Photos captured with this smartphone are likely to improve in the coming months too, when Apple launches its ProRAW format that will allow keen snappers more leeway and detail when editing images. It's disappointing that it isn't immediately available.

And, of course, there is more to this large phone - more screen.

The Pro Max's 6.7-inch display is larger than any iPhone to date, even though its body is only slightly taller than the iPhone 11 Max it replaces.

Some people might find the handset unwieldy at first, particularly if upgrading from a iPhone 11-sized device, but it's well-weighted and shouldn't feel awkward after a short adjustment.

 

IPHONE 12 MINI AND MAX VERDICT

The wait has been longer for fans of iPhones big and small, but both audiences are likely to be glad they didn't succumb to impatience.

The iPhone 12 Mini ($1199-$1449) addresses a gap in the market that is often overlooked. Small phone fans are likely to be impressed with Apple's daintiest smartphone that will fit in the palm of their hand but offer the grunt of a larger device.

Apple fans who prioritise the camera in their smartphones really should go big this year, though, as the iPhone 12 Pro Max ($1849-$2369) exceeds expectations when it comes to some of the most challenging types of photography.

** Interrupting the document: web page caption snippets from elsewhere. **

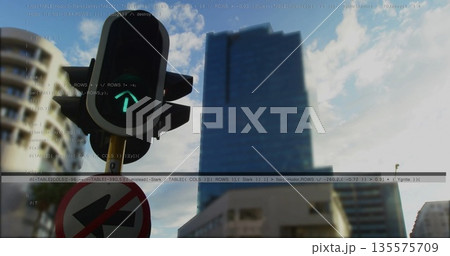 Displaying traffic light showing green up arrow, no-left-turn sign at city intersection, copy space 135575709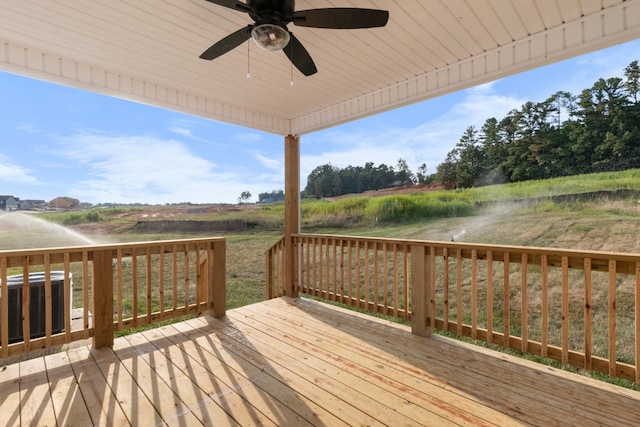 wooden deck featuring ceiling fan and central air condition unit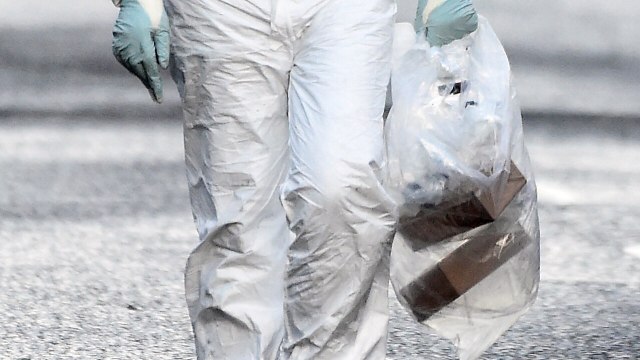 Petugas forensik membawa kantong plastik di dekat ledakan bom mobil di Londonderry, Irlandia, (20/1).  (Foto: REUTERS / Clodagh Kilcoyne)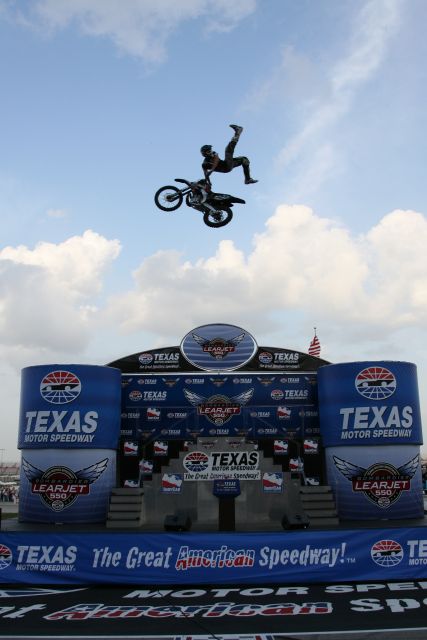 A member of the MD Extreme Stunt Show performs during pre-race ceremonies at the Bombardier Learjet 550k. -- Photo by: Shawn Payne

This phone's larger sensor that moves with you offers improvements you can see in photos, particularly in dim lighting, and will further cement its reputation in mobile photography.

Not everyone will appreciate the larger form or the larger price they'll have to accommodate to access the top-of-the-range mobile camera technology, however, and it'll be interesting to see how soon the sensor technology is passed down to other iPhones in the next generation.